((

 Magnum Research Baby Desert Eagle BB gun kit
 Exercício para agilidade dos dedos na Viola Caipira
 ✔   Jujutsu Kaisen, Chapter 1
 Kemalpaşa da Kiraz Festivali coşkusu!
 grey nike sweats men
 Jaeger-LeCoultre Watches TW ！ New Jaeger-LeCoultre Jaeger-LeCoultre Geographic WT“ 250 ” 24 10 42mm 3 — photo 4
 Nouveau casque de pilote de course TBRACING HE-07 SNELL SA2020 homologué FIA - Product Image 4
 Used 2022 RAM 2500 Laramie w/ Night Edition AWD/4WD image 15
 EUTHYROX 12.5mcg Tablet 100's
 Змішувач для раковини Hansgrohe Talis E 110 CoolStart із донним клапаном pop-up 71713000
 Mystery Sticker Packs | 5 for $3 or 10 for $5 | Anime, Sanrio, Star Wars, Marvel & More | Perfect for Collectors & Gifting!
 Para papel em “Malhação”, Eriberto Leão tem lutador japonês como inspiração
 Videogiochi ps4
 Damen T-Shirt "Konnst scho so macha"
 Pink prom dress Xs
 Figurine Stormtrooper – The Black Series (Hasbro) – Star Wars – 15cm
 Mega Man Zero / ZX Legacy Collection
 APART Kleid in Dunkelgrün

))

◆ Action item ◆
Your answer must be the lines from the one holding "EUTHYROX 12.5mcg Tablet 100's" to the end of the listing above, exactly as written and nothing else.

◆ Written answer ◆
 EUTHYROX 12.5mcg Tablet 100's
 Змішувач для раковини Hansgrohe Talis E 110 CoolStart із донним клапаном pop-up 71713000
 Mystery Sticker Packs | 5 for $3 or 10 for $5 | Anime, Sanrio, Star Wars, Marvel & More | Perfect for Collectors & Gifting!
 Para papel em “Malhação”, Eriberto Leão tem lutador japonês como inspiração
 Videogiochi ps4
 Damen T-Shirt "Konnst scho so macha"
 Pink prom dress Xs
 Figurine Stormtrooper – The Black Series (Hasbro) – Star Wars – 15cm
 Mega Man Zero / ZX Legacy Collection
 APART Kleid in Dunkelgrün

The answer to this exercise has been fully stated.